Ebasa, Mirja Boes und das Winkemariechen Britta (v.l.) feierten Premiere im Brunosaal.

Kölsches Mett trifft auf Baguette in Frankreich: So lief die Premiere von „Deine Sitzung“ im Kölner Brunosaal.

Dies ist keine Sitzung für missmutige Ingwer-Gesichter. Hafermilch dürfte bei den Organisatoren noch den Status der Duldung haben. Aber wer ihnen den Brauch zunichtemachen möchte, bei dem Schweinefleisch durch den Wolf gedreht wird, um daraus den in Köln so begehrten Jecken-Speis namens Mett zu formen – ja, der wird schnell spüren, warum Toleranz auch Grenzen haben kann. „Backen, Hacken und Mett!“ lautet denn auch traditionell die Saalrakete bei „Deine Sitzung“, die am Freitagabend im Klettenberger Brunosaal Premiere feierte.
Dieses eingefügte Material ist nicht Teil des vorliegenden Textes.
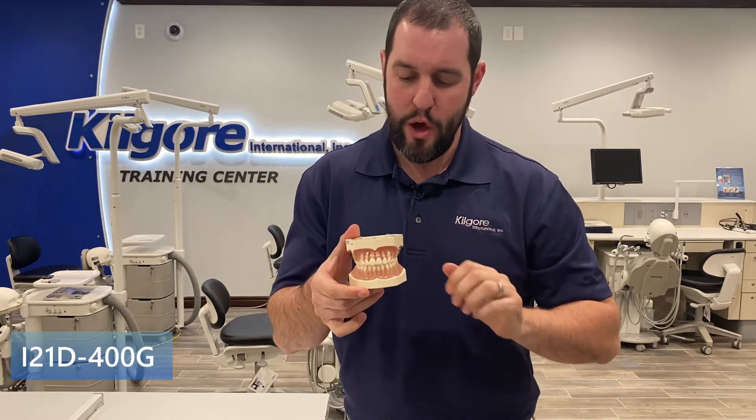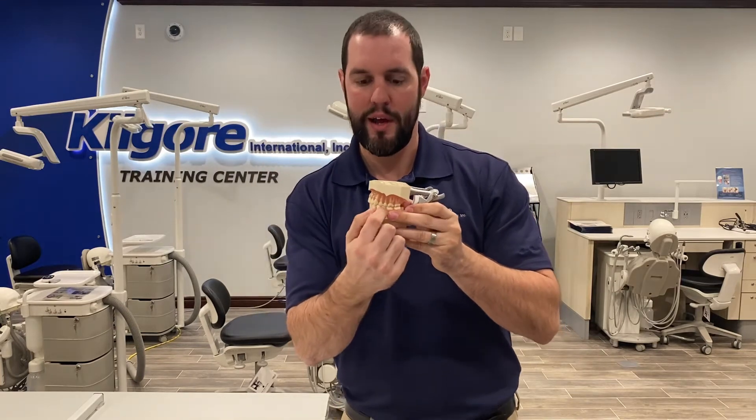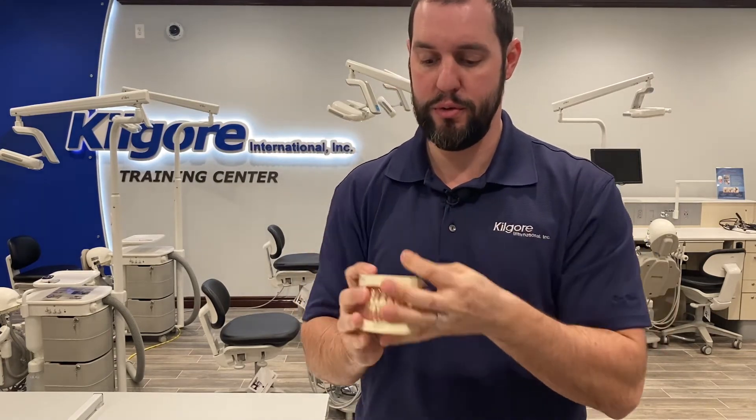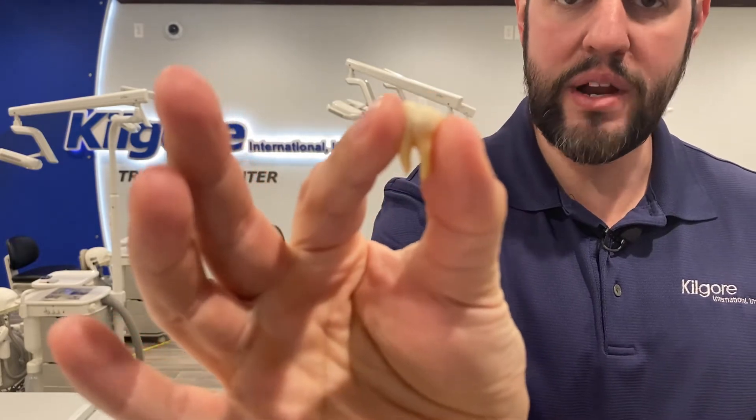The I-21D-400G model is one of the most popular models we have for anatomy. What I love about this model: you have superior crown and root anatomy, two-tone in color to distinguish between the root and the crown. It's great for instrumentation — you can instrument around every single one of these teeth and they're not going to fall out. You can even take a probe down in there to show a student or patient how far a 6mm or 4mm pocket is. The teeth are all friction-held, so I can pull out a tooth and show you the excellent crown anatomy and root anatomy — very detailed.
Was 2003 im kleinen Kreis begann, hat sich längst zur gefragten und etablierten Karnevalssitzung entwickelt, die mit einer professionellen Leichtigkeit daherkommt wie kaum ein anderes Format im kölschen Fasteleer. 
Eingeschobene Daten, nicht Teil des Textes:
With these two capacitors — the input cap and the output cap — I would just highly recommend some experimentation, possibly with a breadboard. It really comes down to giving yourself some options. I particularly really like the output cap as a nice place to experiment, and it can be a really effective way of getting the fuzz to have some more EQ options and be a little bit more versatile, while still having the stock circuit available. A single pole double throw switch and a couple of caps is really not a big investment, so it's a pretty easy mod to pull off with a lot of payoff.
Deine Sitzung feiert im Brunosaal Premiere

Mirja Boes, die im Wechsel mit „Mettwoman“ Carolin Kebekus den Präsidentinnen-Thron innehat, führt durch das Programm – gemeinsam mit Sebastian Pallada, der vom jecken Volk nur als „Ebasa, der Meister“ gefeiert wird. Warum, zeigt der studierte Jazz-Trompeter an diesem Abend gleich mehrfach, vor allem, als er inmitten des Publikums sein meterlanges Alphorn erklingen lässt. Als sei es ein Leichtes, spielt Ebasa „Dä Plan“ von Querbeat.

Als diesjähriges Oberthema dreht sich bei „Deine Sitzung“ alles um das Land der Liebe, der Haute Cuisine, des TGV, der Atomkraft und natürlich des Baguettes, das so hervorragend mit Mett harmoniert: Frankreich.

Deine Sitzung: Ebasa, der Meister, und Mirja Boes im Duett

Nicht nur der „Hack de Triomphe“ in Paris hat es den Jecken angetan. Es sind auch Werte wie „Liberté, Egalité und Einenimtee“, für die Boes und Co. dankbar sind. „Was wären wir ohne Frankreich“, sinnieren Boes und Ebasa denn auch und liefern die Antwort selbst: „Schneller mit dem Auto in Spanien.“ Später sitzen die beiden auf Fahrrädern beim Anstieg zum Mont Ventoux und stöhnen zum Klassiker „Je t'aime“. Vielleicht ist es gut, dass die Original-Interpreten Serge Gainsbourg und Jane Birkin das nicht mehr erleben mussten.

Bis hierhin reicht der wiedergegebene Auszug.